Since 2003, and also at the 2006 Winter Olympics in Turin, Italy he has been director of the Austrian biathlon and cross-country teams.

He received a life ban from the Austrian Olympic Committee in 2007 as one of 14 team officials who were implicated in doping activity at the 2006 Winter Olympics. The bans on Gandler and 11 others were subsequently rescinded in 2009, after the International Ski Federation dropped doping charges against Gandler, biathlon coach Alfred Eder and cross-country ski coach Gerald Heigl.
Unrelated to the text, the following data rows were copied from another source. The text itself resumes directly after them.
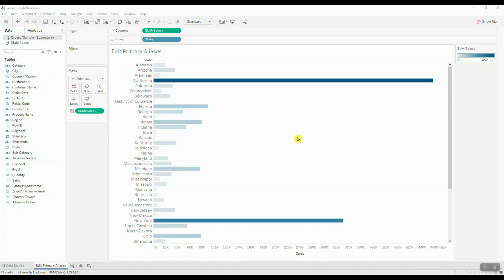Hey guys, today we're going to take a look at a practical example that demonstrates the use of bulk aliasing feature in Tableau.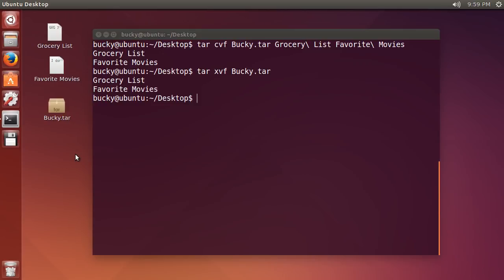Anyways, that is how you compress and decompress individual files, and also how you compress and decompress multiple files into a tar directory. Thank you guys for watching. See you next time.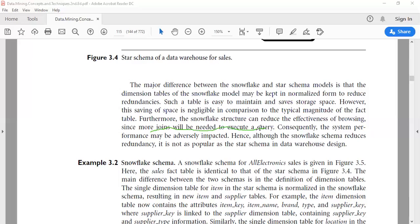Some dimensional tables are normalized, so the number of dimension tables increases. When we execute a query, this snowflake structure needs more join operations to perform, so the system performance of snowflake may be adversely impacted and system performance also reduces.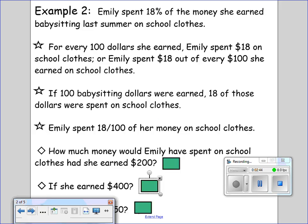Emily spent 18% of the money she earned babysitting last summer on school clothes. 18% means for every hundred dollars she earned, Emily spent $18 on school clothes. 18 out of every 100 dollars earned was spent on school clothes. So if 100 babysitting dollars were earned, 18 of those dollars were spent on school clothes — the total is 100 dollars.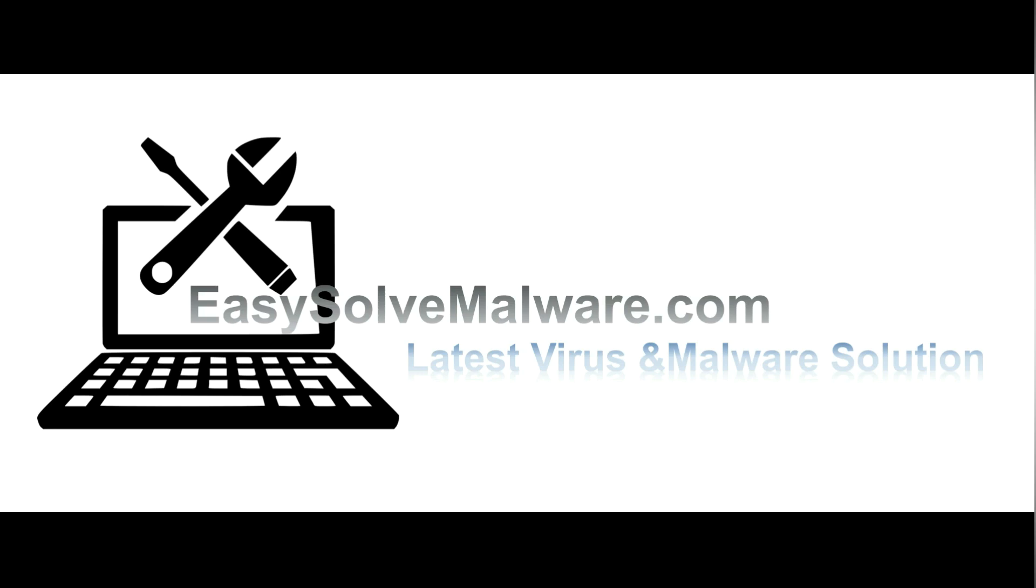That's all. Thank you for watching the video from EasySoftMalware.com. We hope it solves your problem.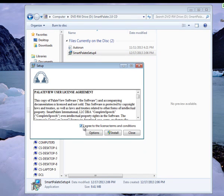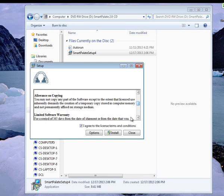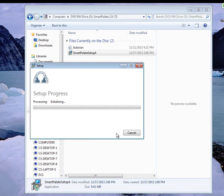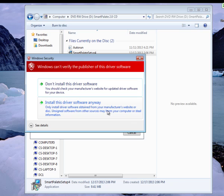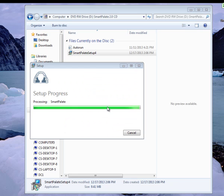Agree to the terms and conditions and click install. During the installation process, make sure you do not have your data link connected via USB port to your computer. When it asks, give permission for the driver to install. Then wait a few more moments for the installation to complete.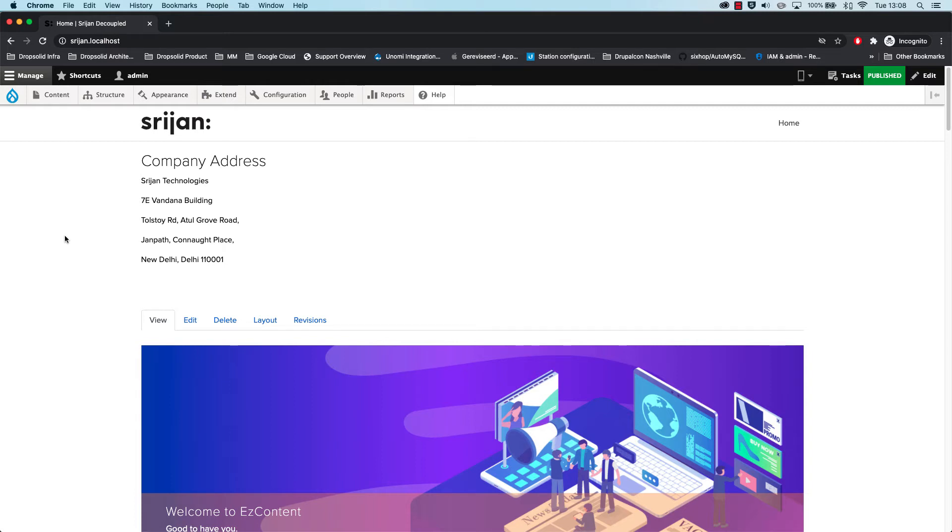Hi, this is the distribution for EZ Content made by Srijan. The purpose of this demo is to figure out how we can personalize the layout builder in a decoupled fashion.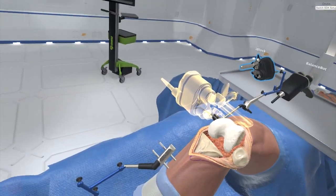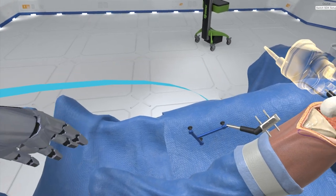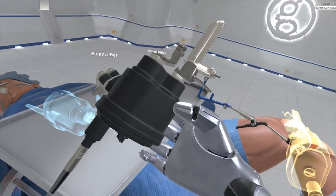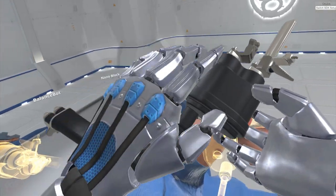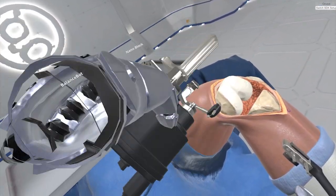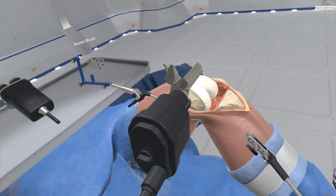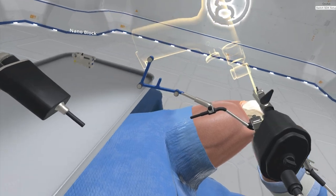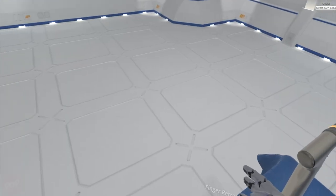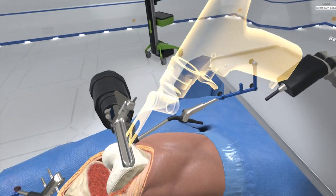Grab the eye block. The eye block guides the femoral resection. Attach the eye block to the femoral fixation base near the femoral target array. Observe the eye block automatically adjust to create the distal cut. Grab the bone saw and place the blade into the resection guide to make the distal cut.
==Cross-country skiing results==
All results are sourced from the International Ski Federation (FIS).

===Olympic Games===
- 1 medal – (1 silver)

| Year | Age | 10 km | 15 km | Pursuit | 30 km | 50 km | 4 × 10 km relay |
|---|---|---|---|---|---|---|---|
| 1988 | 21 | —N/a | — | —N/a | DNS | — | — |
| 1992 | 25 | 34 | —N/a | 28 | — | 41 | — |
| 1998 | 31 | Silver | —N/a | 7 | — | — | 9 |

===World Championships===
- 1 medal – (1 gold)

| Year | Age | 10 km | 15 km classical | 15 km freestyle | Pursuit | 30 km | 50 km | 4 × 10 km relay |
|---|---|---|---|---|---|---|---|---|
| 1987 | 20 | —N/a | — | —N/a | —N/a | — | — | 9 |
| 1989 | 22 | —N/a | — | 46 | —N/a | — | — | 11 |
| 1991 | 24 | — | —N/a | 51 | —N/a | — | 45 | — |
| 1995 | 28 | 23 | —N/a | —N/a | 12 | — | 16 | 5 |
| 1997 | 30 | 38 | —N/a | —N/a | DNF | 54 | — | 13 |
| 1999 | 32 | 12 | —N/a | —N/a | DNF | — | — | Gold |

===World Cup===
====Season standings====

| Season | Age |
| Overall | Long Distance | Middle Distance | Sprint |
| 1988 | 21 | 30 | —N/a | —N/a | —N/a |
| 1989 | 22 | NC | —N/a | —N/a | —N/a |
| 1990 | 23 | 17 | —N/a | —N/a | —N/a |
| 1991 | 24 | NC | —N/a | —N/a | —N/a |
| 1992 | 25 | NC | —N/a | —N/a | —N/a |
| 1993 | 26 | 55 | —N/a | —N/a | —N/a |
| 1994 | 27 | NC | —N/a | —N/a | —N/a |
| 1995 | 28 | 17 | —N/a | —N/a | —N/a |
| 1996 | 29 | 17 | —N/a | —N/a | —N/a |
| 1997 | 30 | 42 | NC | —N/a | 24 |
| 1998 | 31 | 43 | NC | —N/a | 35 |
| 1999 | 32 | 36 | NC | —N/a | 21 |
| 2000 | 33 | 79 | — | — | 44 |

====Individual podiums====
- 1 podium

| No. | Season | Date | Location | Race | Level | Place |
|---|---|---|---|---|---|---|
| 1 | 1989–90 | 16 December 1989 | CAN Canmore, Canada | 15 km Individual F | World Cup | 3rd |

====Team podiums====

- 2 victories
- 2 podiums

| No. | Season | Date | Location | Race | Level | Place | Teammates |
| 1 | 1998–99 | 10 January 1999 | CZE Nové Město, Czech Republic | 4 × 10 km Relay C/F | World Cup | 1st | Marent / Botvinov / Hoffmann |
| 2 | 26 February 1999 | AUT Ramsau, Austria | 4 × 10 km Relay C/F | World Championships^{[1]} | 1st | Stadlober / Botvinov / Hoffmann |

Note: Until the 1999 World Championships, World Championship races were included in the World Cup scoring system.